Does this happen to anyone else?

When I’m watching a movie on my phone that I shot myself, I tend to laugh in the same spots and in the same way as I did while filming the original video. The end result is an echo of myself, past and present.

I like that this happens. It tells me that my laugh is genuine and that I’m fully experiencing the moment all over again. It’s crazy; I can watch the video over and over and I’ll laugh (or at least have the urge to laugh) in the same exact place.

But it’s startling at the same time because it signifies that the world isn’t entirely open-ended for me, that I’m on my own very specific course that’s as predictable as the sun rising and setting every day. If given a set of circumstances, I will respond in the same exact way, nearly every time. Like I said, it’s a bit maddening.

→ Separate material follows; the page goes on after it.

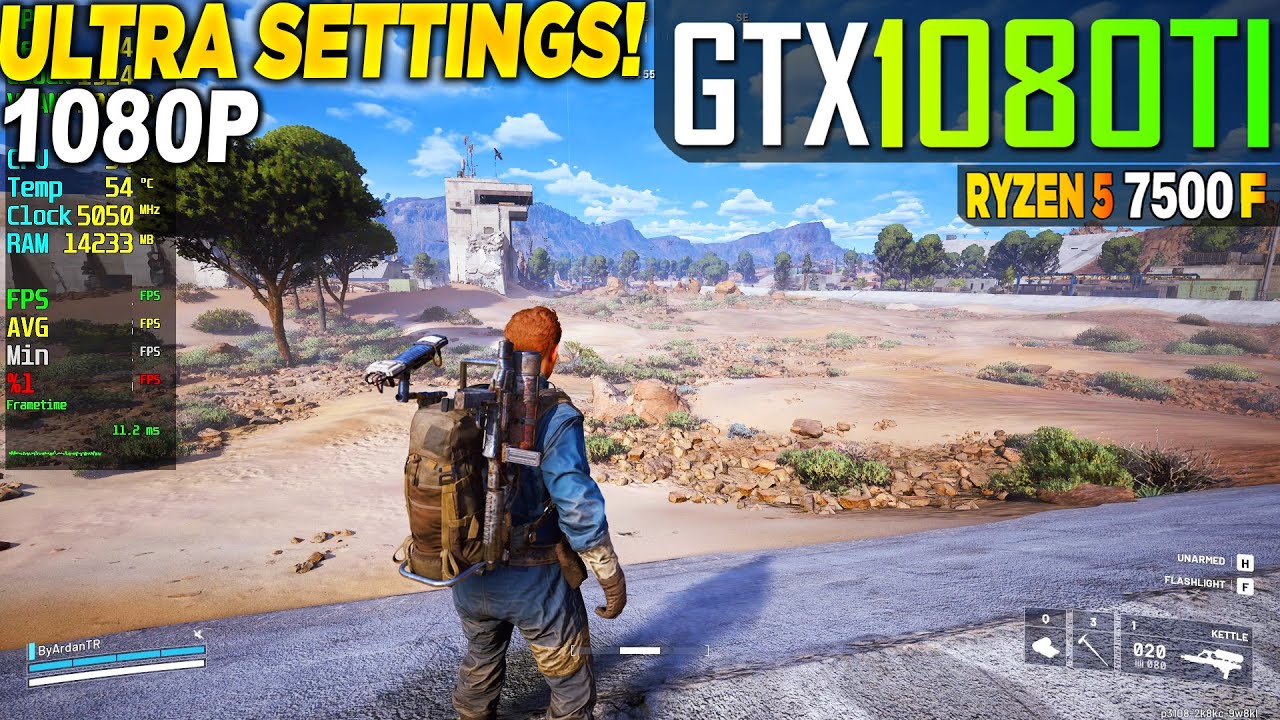 ARC Raiders GTX 1080 Tİ + Ryzen 5 7500F - 1080p Ultra,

I don’t think many of us want to be predictable. I know I don’t! We’d like to believe that every moment is new and that our reactions are limitless, that we can choose to be who we are at any given time, that we are not merely a product of circumstances dictating clusters of behavior.

But we are just that: complex yet simple, intricately designed but broadly defined, deep thinkers with small parts, open yet closed as hell, traveling the world one foot at a time, on a thin line that loops back on itself.

That’s just the truth. If you want something fresh, you have to actively not make the loop and that can seem as hard as keeping the sun from dropping behind the horizon.